------ Records shown ------
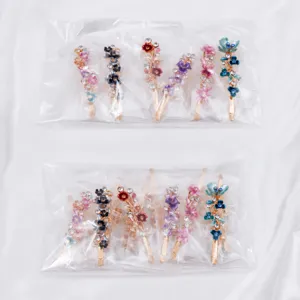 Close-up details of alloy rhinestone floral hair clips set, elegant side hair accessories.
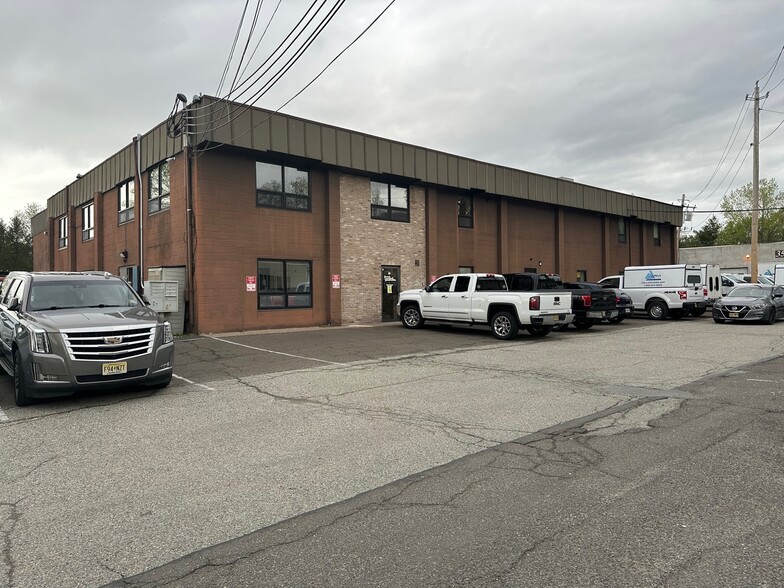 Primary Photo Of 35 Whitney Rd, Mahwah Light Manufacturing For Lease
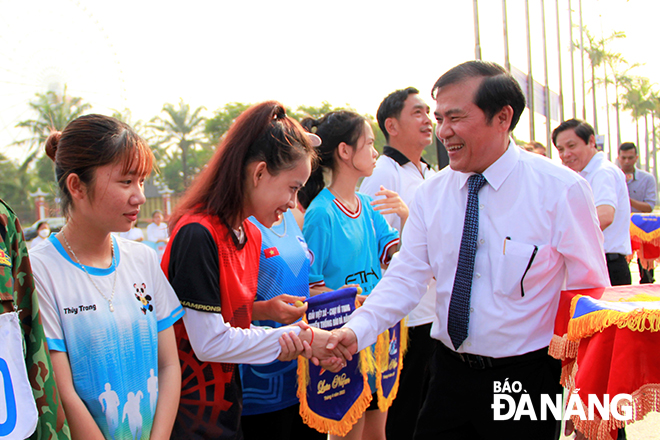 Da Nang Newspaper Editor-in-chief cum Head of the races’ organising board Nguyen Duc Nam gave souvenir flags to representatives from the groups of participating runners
------
------ Records shown ------
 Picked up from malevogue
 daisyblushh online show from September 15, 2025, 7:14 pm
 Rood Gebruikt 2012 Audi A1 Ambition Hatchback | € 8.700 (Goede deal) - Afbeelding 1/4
------
------ Records shown ------
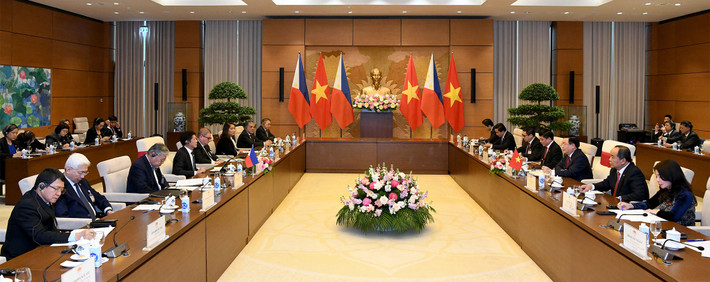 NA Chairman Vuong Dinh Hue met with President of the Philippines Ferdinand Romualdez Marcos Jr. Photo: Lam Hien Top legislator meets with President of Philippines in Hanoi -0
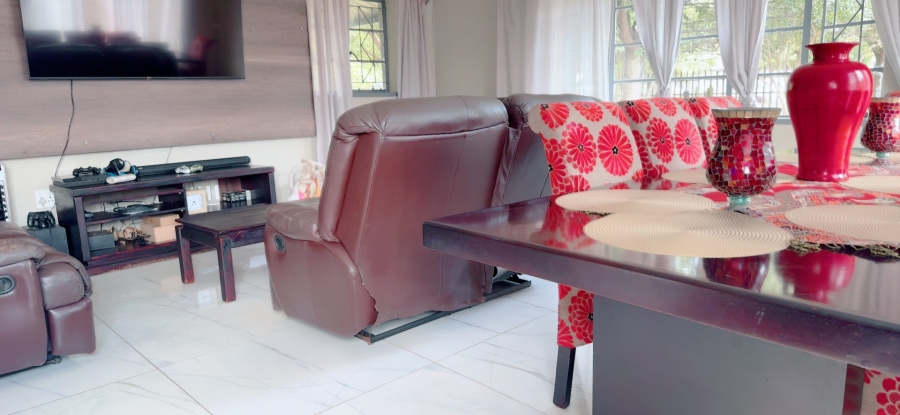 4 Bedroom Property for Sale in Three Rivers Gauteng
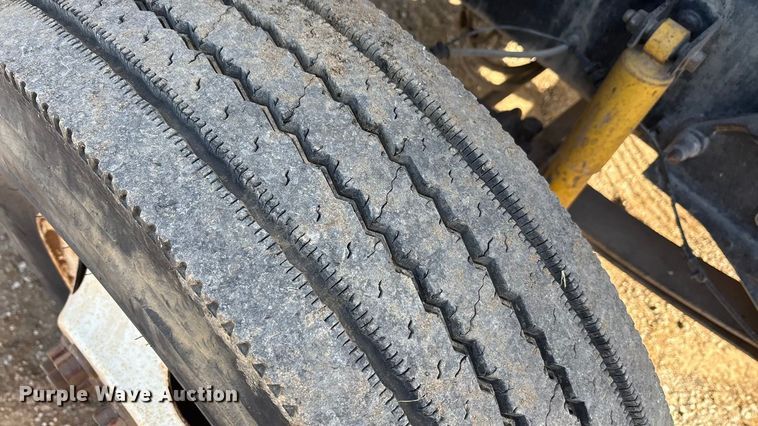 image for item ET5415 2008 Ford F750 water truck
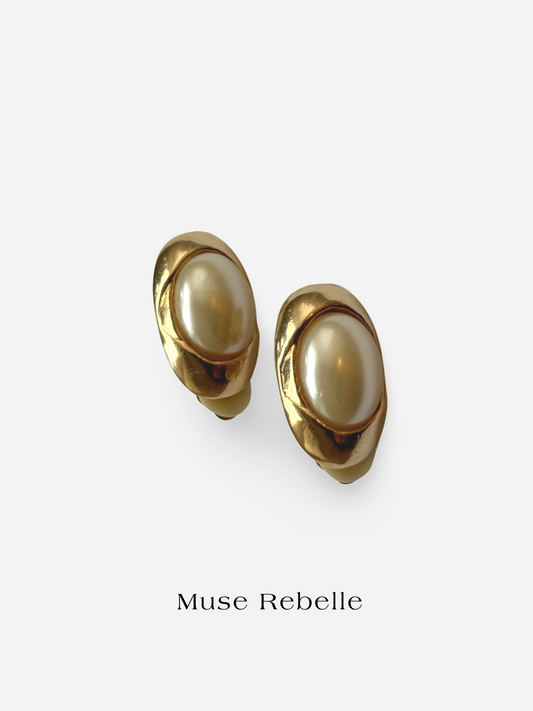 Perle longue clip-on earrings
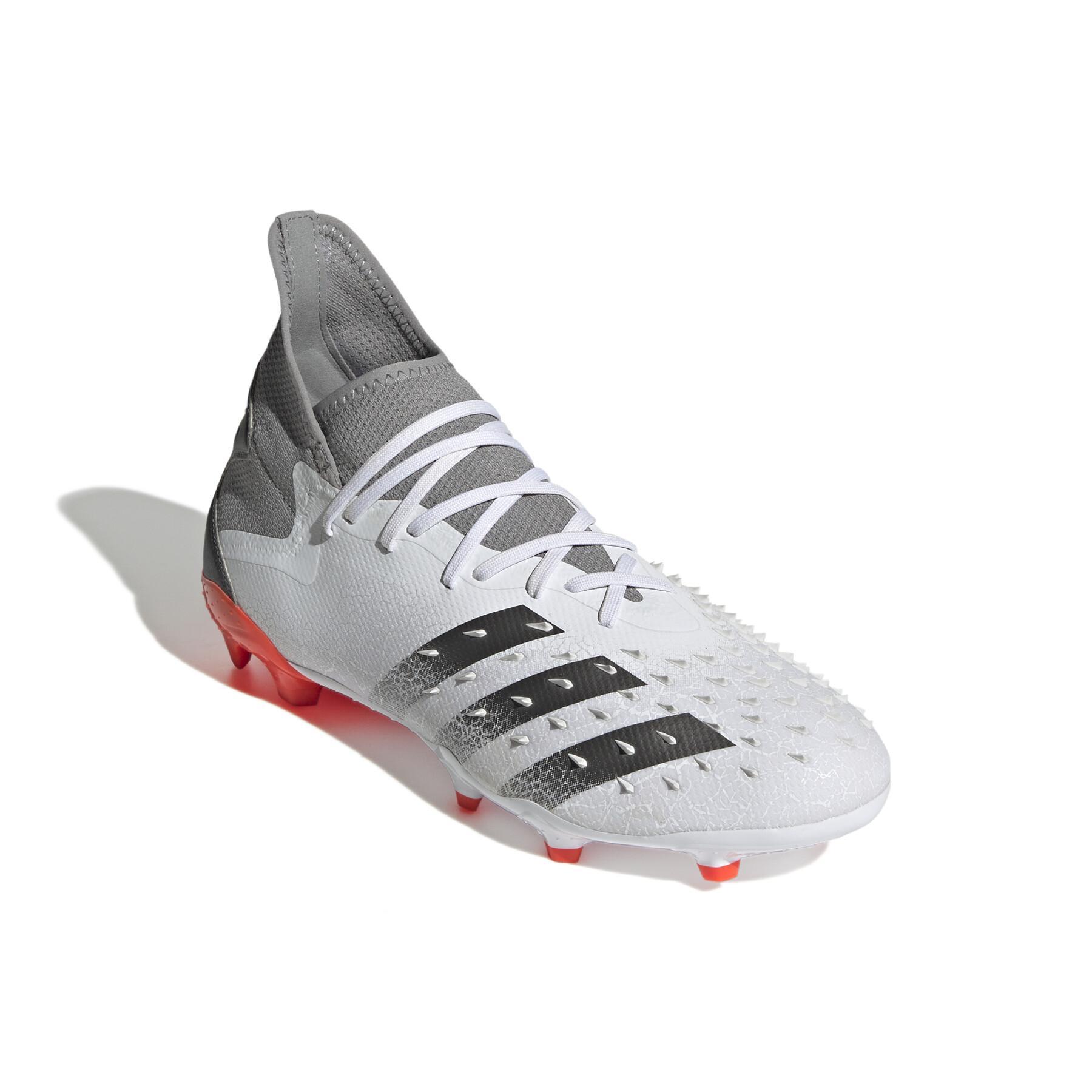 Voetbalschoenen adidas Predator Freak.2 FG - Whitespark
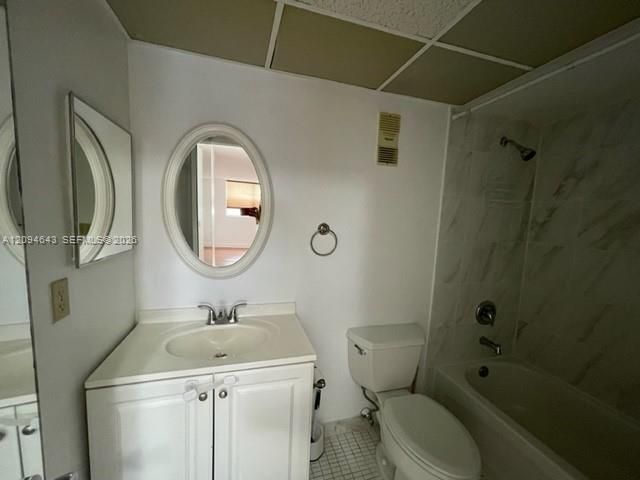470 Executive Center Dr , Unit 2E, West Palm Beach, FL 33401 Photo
------
Go to the line above that has "Perle longue clip-on earrings" and copy exactly from there down to the line that has "470 Executive Center", both included. Leave the pictures out.

 Perle longue clip-on earrings
 Voetbalschoenen adidas Predator Freak.2 FG - Whitespark
470 Executive Center Dr , Unit 2E, West Palm Beach, FL 33401 Photo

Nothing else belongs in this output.